Work instruction
Repeat exactly the line that contains "8.2 RTS NO MOQ" and every line after it, down to the last line of the entries below. Do not include pictures.

Given entries
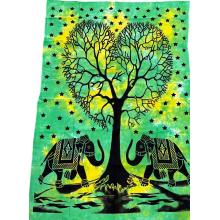Tie Dye Elephant Heart Tree Green Tapestry  B34A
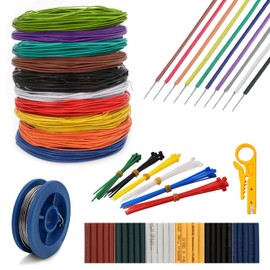 UL1007-28AWG Electronics Wire Tinned Copper Multi Strand Electronic Equipment Electrical Wiring Kit Including Tinned Wire and Heat Shrink Tubing <16.5ft X10 Colors>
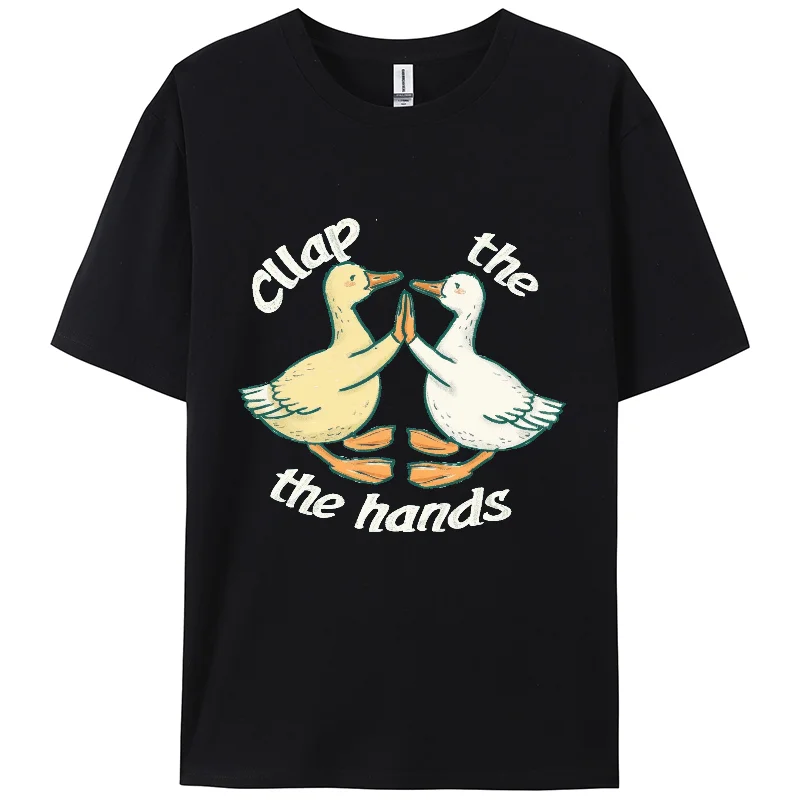 

Футболка с гусиным принтом, футболка Y2K, короткая футболка Berserk, с коротким рукавом, 100% хлопок, двусторонняя, для женщин, праздничная одежда, одежда для основы, для мамы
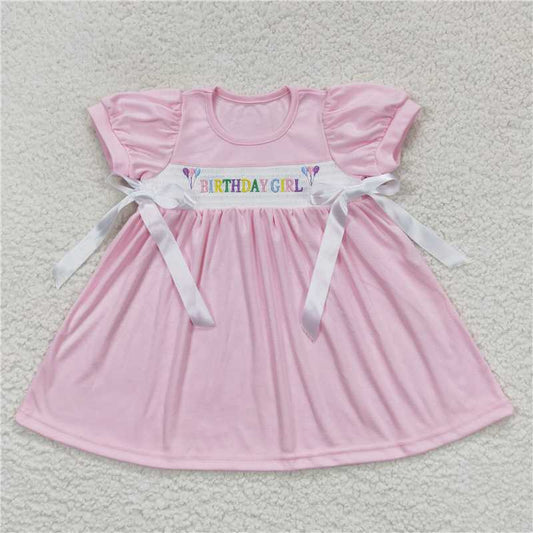 8.2 RTS NO MOQ Summer Baby Girls Dresses GSD0433 Birthday Girl Bows Smocked Dresses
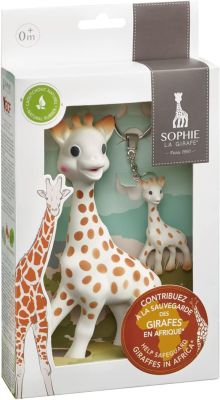 GIRAFA SOPHIE inel gingival natural SO PURE 18CM + breloc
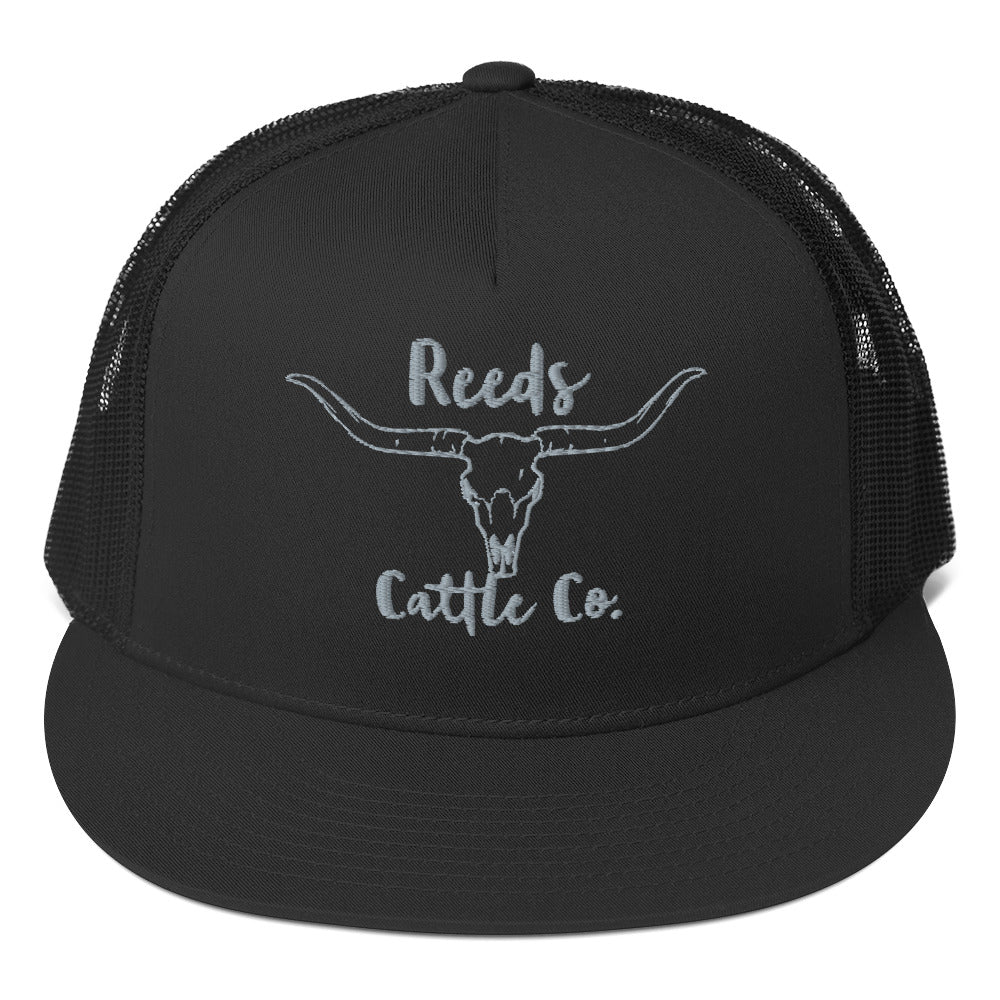 Bull Skull Flat Brim Trucker Hat Cap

Written answer
 8.2 RTS NO MOQ Summer Baby Girls Dresses GSD0433 Birthday Girl Bows Smocked Dresses
 GIRAFA SOPHIE inel gingival natural SO PURE 18CM + breloc
 Bull Skull Flat Brim Trucker Hat Cap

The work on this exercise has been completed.